It's my favorite work of Shakespeare
and that's probably because it's his darkest--
it not only projects tragedy, but goddamned,
unavoidably FATED death
and doom and utter
And it doesn't hurt that it has witches and not just one or two,
but THREE witches--that magic number that adds great
meaning and power to the proceedings...
“When shall we three meet again
In thunder, lightning, or in rain?”
So say the Three Witches at the end of their brief meeting at the beginning of MACBETH, Shakespeare’s darkly tragic tale of ambition and fate. These gals aim to misbehave and boy do they weave the fates of those in the play. Their words give them away throughout…
“Fair is foul, and foul is fair:
Hover through the fog and filthy air.”
“Double, double toil and trouble;
Fire burn, and cauldron bubble.”
“For a charm of powerful trouble,
Like a hell-broth boil and bubble.”
The Three Witches or Weird Sisters of Shakespeare’s play are certainly creations of the author, however they link obviously back to The Norns of Scandinavian legend and The Fates of Greco-Roman mythology. They are magical beings who are prophets of the future to come—bad and good. And, in some sense, because of their knowledge it almost comes off as if they are responsible for the fates of those in the play--the power of their knowledge does shape the fates of all involved.

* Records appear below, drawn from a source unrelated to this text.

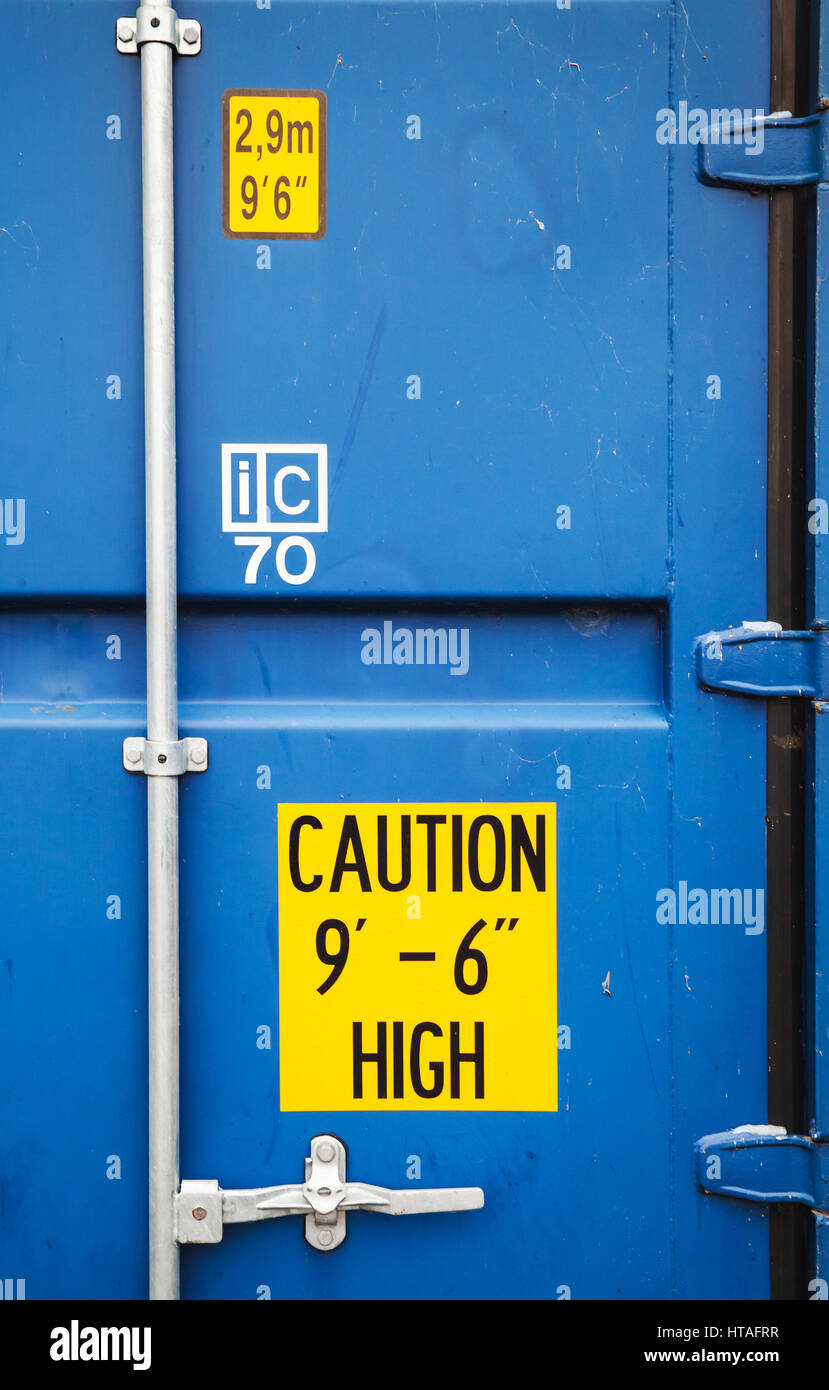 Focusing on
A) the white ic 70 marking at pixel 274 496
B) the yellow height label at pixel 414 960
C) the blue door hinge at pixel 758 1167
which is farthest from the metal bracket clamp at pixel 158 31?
the blue door hinge at pixel 758 1167

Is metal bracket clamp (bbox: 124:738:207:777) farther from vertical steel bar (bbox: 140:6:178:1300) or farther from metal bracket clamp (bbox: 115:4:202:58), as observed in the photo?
metal bracket clamp (bbox: 115:4:202:58)

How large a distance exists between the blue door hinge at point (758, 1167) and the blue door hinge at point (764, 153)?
1377 millimetres

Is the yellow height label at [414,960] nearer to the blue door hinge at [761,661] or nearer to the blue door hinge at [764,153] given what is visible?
the blue door hinge at [761,661]

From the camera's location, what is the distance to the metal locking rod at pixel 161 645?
1.37 m

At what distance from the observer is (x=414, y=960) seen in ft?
4.70

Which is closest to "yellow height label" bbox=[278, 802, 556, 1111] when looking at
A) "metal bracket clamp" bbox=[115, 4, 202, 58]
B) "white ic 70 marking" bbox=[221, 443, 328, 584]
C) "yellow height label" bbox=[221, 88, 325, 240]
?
"white ic 70 marking" bbox=[221, 443, 328, 584]

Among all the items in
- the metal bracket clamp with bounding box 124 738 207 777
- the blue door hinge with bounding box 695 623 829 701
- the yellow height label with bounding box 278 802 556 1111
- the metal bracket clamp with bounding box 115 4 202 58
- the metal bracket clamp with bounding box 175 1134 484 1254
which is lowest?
the metal bracket clamp with bounding box 175 1134 484 1254

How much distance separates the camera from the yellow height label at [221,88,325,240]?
Answer: 141 cm

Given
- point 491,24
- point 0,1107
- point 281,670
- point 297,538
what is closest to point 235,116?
point 491,24

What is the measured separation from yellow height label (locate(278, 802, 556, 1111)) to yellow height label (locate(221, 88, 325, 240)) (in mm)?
844

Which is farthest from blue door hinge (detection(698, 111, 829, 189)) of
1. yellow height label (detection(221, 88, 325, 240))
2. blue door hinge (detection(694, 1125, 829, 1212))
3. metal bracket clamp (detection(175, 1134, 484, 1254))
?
metal bracket clamp (detection(175, 1134, 484, 1254))

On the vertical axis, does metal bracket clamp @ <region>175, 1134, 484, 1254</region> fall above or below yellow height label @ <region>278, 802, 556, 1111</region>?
below

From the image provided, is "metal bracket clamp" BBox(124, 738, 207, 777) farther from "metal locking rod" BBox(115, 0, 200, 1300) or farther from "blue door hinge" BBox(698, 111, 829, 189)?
"blue door hinge" BBox(698, 111, 829, 189) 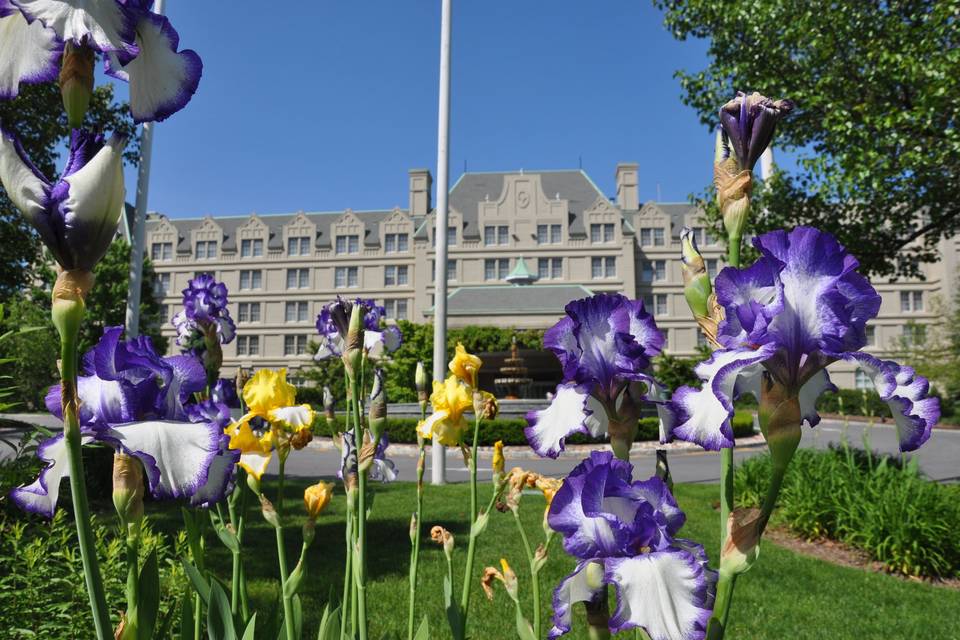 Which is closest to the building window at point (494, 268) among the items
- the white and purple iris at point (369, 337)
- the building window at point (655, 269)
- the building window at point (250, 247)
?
the building window at point (655, 269)

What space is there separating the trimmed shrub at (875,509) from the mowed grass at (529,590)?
0.38 metres

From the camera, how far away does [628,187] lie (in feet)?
146

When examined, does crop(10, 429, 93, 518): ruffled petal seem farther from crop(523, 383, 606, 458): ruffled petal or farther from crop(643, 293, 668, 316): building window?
crop(643, 293, 668, 316): building window

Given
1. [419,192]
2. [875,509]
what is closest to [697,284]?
[875,509]

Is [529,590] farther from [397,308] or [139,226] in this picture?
[397,308]

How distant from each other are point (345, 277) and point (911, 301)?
38.0m

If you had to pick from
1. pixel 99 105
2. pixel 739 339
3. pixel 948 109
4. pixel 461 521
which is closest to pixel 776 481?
pixel 739 339

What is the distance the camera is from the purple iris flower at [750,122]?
0.85m

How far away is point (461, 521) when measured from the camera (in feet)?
22.0

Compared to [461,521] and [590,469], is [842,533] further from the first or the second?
[590,469]

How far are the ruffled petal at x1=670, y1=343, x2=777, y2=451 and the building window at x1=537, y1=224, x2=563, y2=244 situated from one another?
41640 mm

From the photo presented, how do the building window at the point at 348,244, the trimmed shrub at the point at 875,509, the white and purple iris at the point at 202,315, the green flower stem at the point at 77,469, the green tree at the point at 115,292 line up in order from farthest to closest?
the building window at the point at 348,244, the green tree at the point at 115,292, the trimmed shrub at the point at 875,509, the white and purple iris at the point at 202,315, the green flower stem at the point at 77,469

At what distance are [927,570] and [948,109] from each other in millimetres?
4618

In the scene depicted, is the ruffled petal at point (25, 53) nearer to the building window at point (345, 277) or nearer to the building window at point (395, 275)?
the building window at point (395, 275) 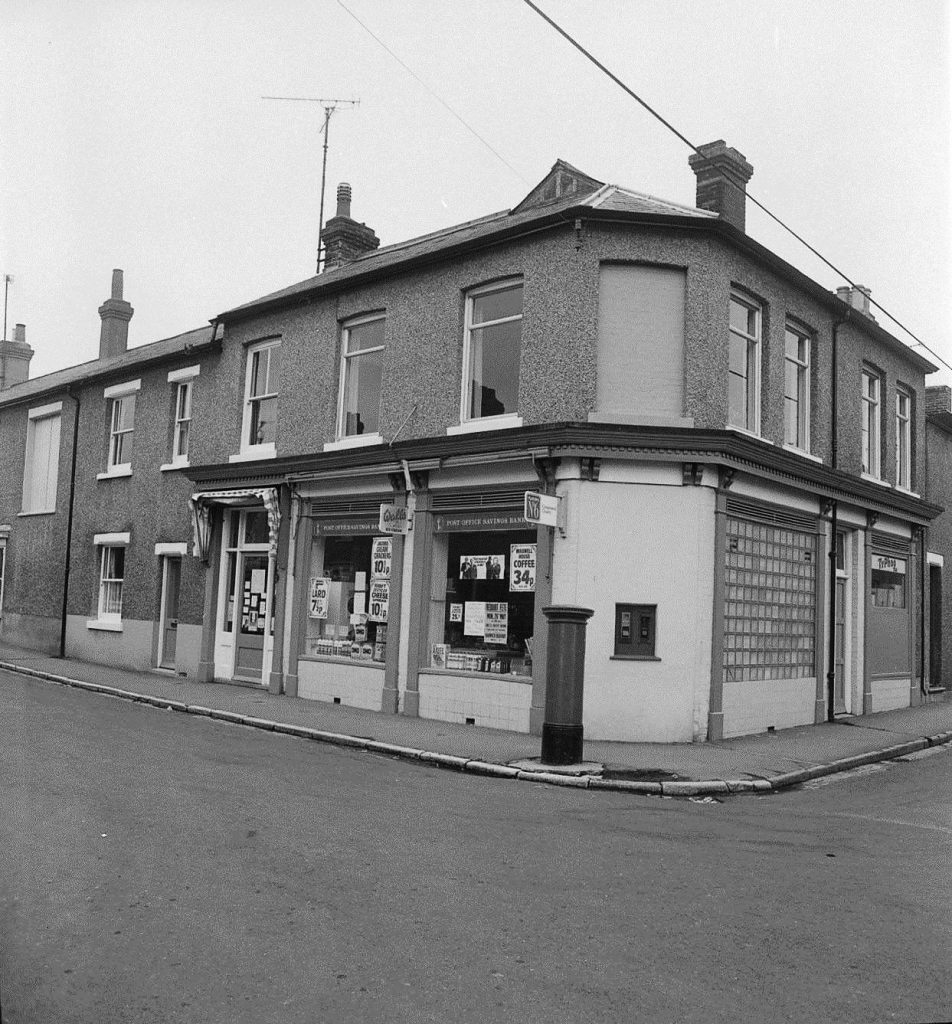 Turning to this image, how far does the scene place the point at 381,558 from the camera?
621 inches

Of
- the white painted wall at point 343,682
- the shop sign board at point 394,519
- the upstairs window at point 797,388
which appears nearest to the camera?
the shop sign board at point 394,519

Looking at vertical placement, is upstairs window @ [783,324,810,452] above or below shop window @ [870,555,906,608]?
above

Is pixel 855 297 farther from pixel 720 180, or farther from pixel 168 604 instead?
pixel 168 604

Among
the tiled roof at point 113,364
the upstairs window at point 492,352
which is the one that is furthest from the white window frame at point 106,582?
the upstairs window at point 492,352

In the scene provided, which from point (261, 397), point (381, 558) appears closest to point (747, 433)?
point (381, 558)

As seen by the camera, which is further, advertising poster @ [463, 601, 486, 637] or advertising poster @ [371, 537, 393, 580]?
advertising poster @ [371, 537, 393, 580]

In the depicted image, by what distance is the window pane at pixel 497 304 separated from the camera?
47.8 feet

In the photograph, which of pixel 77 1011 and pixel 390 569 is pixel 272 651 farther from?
pixel 77 1011

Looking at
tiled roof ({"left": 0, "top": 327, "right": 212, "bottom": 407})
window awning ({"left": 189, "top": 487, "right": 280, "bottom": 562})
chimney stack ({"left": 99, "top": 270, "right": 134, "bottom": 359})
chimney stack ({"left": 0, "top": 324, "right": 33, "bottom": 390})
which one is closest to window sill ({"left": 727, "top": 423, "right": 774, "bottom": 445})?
window awning ({"left": 189, "top": 487, "right": 280, "bottom": 562})

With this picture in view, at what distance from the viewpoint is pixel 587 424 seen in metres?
13.1

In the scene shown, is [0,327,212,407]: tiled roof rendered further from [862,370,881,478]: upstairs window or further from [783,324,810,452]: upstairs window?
[862,370,881,478]: upstairs window

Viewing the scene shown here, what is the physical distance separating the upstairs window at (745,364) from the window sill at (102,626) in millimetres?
13878

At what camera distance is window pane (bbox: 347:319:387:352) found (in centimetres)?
1653

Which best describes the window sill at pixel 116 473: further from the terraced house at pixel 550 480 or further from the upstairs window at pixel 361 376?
the upstairs window at pixel 361 376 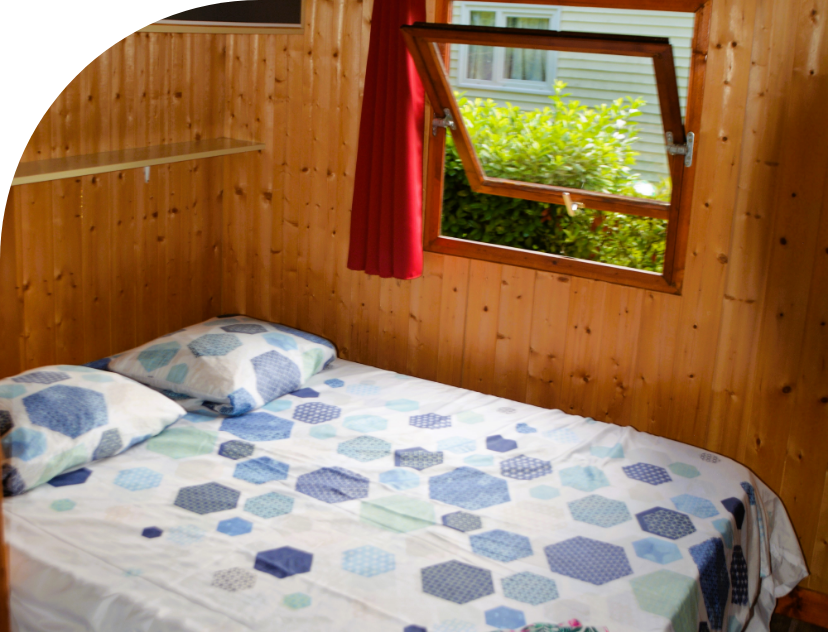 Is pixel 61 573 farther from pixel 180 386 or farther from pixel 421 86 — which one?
pixel 421 86

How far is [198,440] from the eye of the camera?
239 cm

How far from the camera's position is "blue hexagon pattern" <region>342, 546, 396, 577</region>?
179cm

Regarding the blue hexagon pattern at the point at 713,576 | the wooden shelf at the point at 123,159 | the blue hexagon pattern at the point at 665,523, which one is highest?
the wooden shelf at the point at 123,159

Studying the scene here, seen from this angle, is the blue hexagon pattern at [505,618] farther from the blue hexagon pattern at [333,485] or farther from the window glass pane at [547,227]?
the window glass pane at [547,227]

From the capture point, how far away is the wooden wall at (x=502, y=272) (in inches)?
93.8

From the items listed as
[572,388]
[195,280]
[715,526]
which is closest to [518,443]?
[572,388]

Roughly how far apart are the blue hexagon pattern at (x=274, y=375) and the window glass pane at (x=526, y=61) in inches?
47.8

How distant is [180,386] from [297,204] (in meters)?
1.00

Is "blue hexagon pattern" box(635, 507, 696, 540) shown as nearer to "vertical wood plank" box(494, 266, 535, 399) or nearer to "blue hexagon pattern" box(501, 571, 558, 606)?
"blue hexagon pattern" box(501, 571, 558, 606)

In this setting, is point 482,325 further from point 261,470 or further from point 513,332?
point 261,470

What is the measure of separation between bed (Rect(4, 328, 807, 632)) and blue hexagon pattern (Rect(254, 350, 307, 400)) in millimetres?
57

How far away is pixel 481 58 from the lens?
2.66 m

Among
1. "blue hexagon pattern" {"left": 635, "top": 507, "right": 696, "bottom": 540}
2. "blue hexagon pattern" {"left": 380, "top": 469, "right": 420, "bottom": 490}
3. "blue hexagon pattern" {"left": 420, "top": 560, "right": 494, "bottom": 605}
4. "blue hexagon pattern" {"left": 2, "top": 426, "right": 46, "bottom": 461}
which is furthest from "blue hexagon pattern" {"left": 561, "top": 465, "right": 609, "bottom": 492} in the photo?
"blue hexagon pattern" {"left": 2, "top": 426, "right": 46, "bottom": 461}

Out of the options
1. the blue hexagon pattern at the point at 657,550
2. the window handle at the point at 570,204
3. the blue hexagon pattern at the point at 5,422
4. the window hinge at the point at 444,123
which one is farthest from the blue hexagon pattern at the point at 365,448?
the window hinge at the point at 444,123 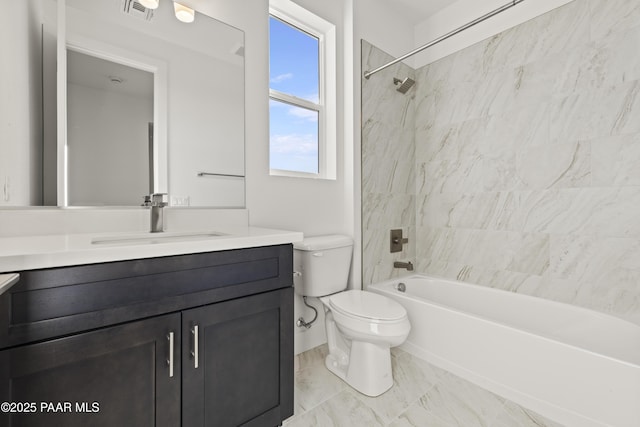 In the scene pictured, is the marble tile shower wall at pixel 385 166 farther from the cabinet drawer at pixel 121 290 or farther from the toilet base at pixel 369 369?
the cabinet drawer at pixel 121 290

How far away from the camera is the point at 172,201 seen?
4.90ft

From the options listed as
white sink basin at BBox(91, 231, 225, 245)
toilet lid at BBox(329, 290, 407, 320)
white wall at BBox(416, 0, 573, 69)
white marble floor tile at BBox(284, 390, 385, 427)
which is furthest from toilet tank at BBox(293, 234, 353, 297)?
white wall at BBox(416, 0, 573, 69)

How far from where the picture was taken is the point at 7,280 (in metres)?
0.66

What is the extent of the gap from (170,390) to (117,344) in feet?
0.79

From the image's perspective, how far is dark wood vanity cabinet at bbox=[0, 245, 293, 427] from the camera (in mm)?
760

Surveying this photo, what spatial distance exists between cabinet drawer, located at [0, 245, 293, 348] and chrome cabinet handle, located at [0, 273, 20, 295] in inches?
1.6

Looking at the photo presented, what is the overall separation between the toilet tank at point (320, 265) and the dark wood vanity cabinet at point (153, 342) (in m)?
0.53

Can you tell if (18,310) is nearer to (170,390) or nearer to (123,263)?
(123,263)

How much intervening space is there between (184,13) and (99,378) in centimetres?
167

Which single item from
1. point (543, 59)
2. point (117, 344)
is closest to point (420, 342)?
point (117, 344)

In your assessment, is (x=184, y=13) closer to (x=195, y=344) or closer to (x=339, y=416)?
(x=195, y=344)

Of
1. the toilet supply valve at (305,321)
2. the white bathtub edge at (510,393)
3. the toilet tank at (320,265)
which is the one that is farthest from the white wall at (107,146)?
the white bathtub edge at (510,393)

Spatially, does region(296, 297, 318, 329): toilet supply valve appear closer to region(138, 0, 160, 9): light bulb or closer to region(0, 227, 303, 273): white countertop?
region(0, 227, 303, 273): white countertop

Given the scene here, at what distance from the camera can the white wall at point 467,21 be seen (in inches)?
82.1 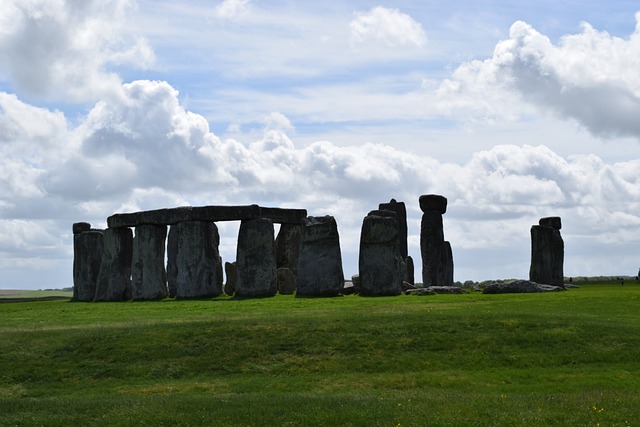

These days they are mostly referred to as Weird Sisters, though Shakespeare never referred to them as such. In fact, he called them “The weyward Sisters”, though it is not clear what exactly he meant by this, it could be interpreted that they were not with the Church—indicating an otherness that definitely implied a dark power and an evil intent. And indeed, they seem to have plenty of both--or at least enough to lead us into temptation and, therefore, damnation.
And now, for the lighter side...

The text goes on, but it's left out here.